WORK TO COMPLETE:
Begin at the line below that contains "lumbar herniated disc causing sciatica pain". Repeat it and all remaining lines of the records exactly.

• • • • • • •

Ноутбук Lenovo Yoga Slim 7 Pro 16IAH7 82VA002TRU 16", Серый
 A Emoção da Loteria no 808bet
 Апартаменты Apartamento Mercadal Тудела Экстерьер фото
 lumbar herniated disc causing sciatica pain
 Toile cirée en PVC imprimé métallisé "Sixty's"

• • • • • • •

SOLUTION FOR THIS TASK:
 lumbar herniated disc causing sciatica pain
 Toile cirée en PVC imprimé métallisé "Sixty's"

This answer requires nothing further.